ACCELERATED TESTING FACILITY (ATLAS)

Through funding from the Illinois Department of Transportation, ATREL acquired the Accelerated Transportation Loading System in 1993. A $2 million investment, the ATLAS can evaluate full-scale transportation systems subject to real life traffic and environmental loading. The system is capable of simulating aircraft, truck, or rail traffic distributions, testing all types of pavement systems, and applying load levels exceeding that of highway and airfield limits.

ATLAS weighs 156 kips and is 124 feet long, 12 feet high, and 12 feet wide. Mounted on four crawler tracks, the test unit can be easily positioned on the pavement test section. ATLAS transmits loads to the pavement structure through a hydraulic ram attached to a wheel carriage, which can accommodate a single tire, dual tires, aircraft tire, or a single axle rail bogey. The load level can vary between 0 and 80 kips. ATLAS is housed in a moveable sprung structure that also controls the effects of daily temperature and moisture changes on the pavement section being studied. The ATLAS facility also has readily available data acquisition systems for collecting both static and dynamic data from instrumented pavement sections.
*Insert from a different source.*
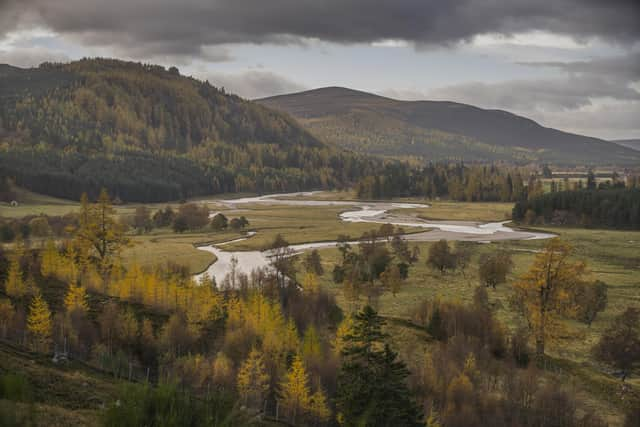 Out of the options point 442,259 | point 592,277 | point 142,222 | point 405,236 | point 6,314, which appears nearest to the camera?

The loading length of the ATLAS is 85 feet with approximately 65 feet of constant velocity loading of the wheel. At a maximum speed of 10 mph, loading can be either uni- or bi-directional. It can also wander up to 3 feet in a lateral direction to simulate real world traffic distributions. ATLAS can apply up to 10,000 repetitions per day. For a 20 kip single wheel load, trafficked at the edge of a concrete slab, ATLAS can simulate approximately 5 million ESALS per day.